OPLL is a degenerative condition prevalent in Asian populations, leading to spinal cord and nerve root compression. While surgery is the primary treatment, postoperative ossification progression, particularly after posterior surgeries, remains a challenge, potentially requiring reoperation. Current methods for predicting risk factors rely on clinical experience, highlighting the need for a multi-dimensional prediction model to identify at-risk patients and improve outcomes.
This retrospective study analyzed 271 patients who underwent posterior cervical spine surgery for OPLL. Univariate and multivariate logistic regression were used to identify independent risk factors for postoperative ossification progression. A nomogram was constructed based on these factors. The model's performance was evaluated using the C-index, ROC curve, calibration curve, and decision curve analysis (DCA), with validation conducted using data from a separate group.
Multivariate logistic regression analysis identified four independent risk factors for ossification progression after OPLL. A nomogram was subsequently constructed based on these factors. The C-index values in both the training and validation groups demonstrated high accuracy and stability of the model. The area under the ROC curve (AUC) indicated excellent discriminative ability, while the calibration curves showed high agreement between predicted and observed outcomes in both groups. The decision curve analysis demonstrated that the nomogram provided the highest net clinical benefit within a probability threshold range 0.01-1.

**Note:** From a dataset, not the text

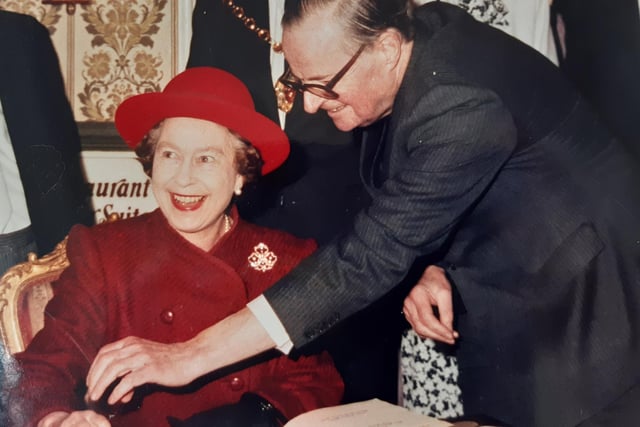 The Queen enters her name into the Regent Hotel's visitors' book with hotel owner Frank Cridlan and his wife may - after a spot of bother with a faulty pen!
Mr Cridlan said of the pen: "Ma'am like myself it's a little nervous."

Younger patients with OPLL, greater initial ossification thickness, more than three affected levels, or continuous/mixed ossification types are at higher risk of postoperative progression. The nomogram provides clinicians with an effective tool to predict and prevent postoperative ossification progression.
回顾性分析。
建立一种列线图,以预测手术后后纵韧带骨化(OPLL)的进展,识别潜在风险因素,并为预防术后骨化进展提供理论依据。
OPLL是一种在亚洲人群中普遍存在的退行性疾病,可导致脊髓和神经根受压。虽然手术是主要治疗方法,但术后骨化进展,尤其是后路手术后,仍然是一个挑战,可能需要再次手术。目前预测风险因素的方法依赖于临床经验,这凸显了需要一个多维预测模型来识别高危患者并改善治疗结果。
这项回顾性研究分析了271例因OPLL接受颈椎后路手术的患者。采用单因素和多因素逻辑回归来识别术后骨化进展的独立风险因素。基于这些因素构建了列线图。使用C指数、ROC曲线、校准曲线和决策曲线分析(DCA)评估模型的性能,并使用来自另一组的数据进行验证。
多因素逻辑回归分析确定了OPLL术后骨化进展的四个独立风险因素。随后基于这些因素构建了列线图。训练组和验证组的C指数值均显示出模型的高准确性和稳定性。ROC曲线下面积(AUC)表明具有出色的判别能力,而校准曲线显示两组预测结果与观察结果之间高度一致。决策曲线分析表明,列线图在概率阈值范围0.01 - 1内提供了最高的净临床效益。
患有OPLL的年轻患者、初始骨化厚度较大、受累节段超过三个或骨化类型为连续/混合型的患者术后进展风险较高。列线图为临床医生提供了一种预测和预防术后骨化进展的有效工具。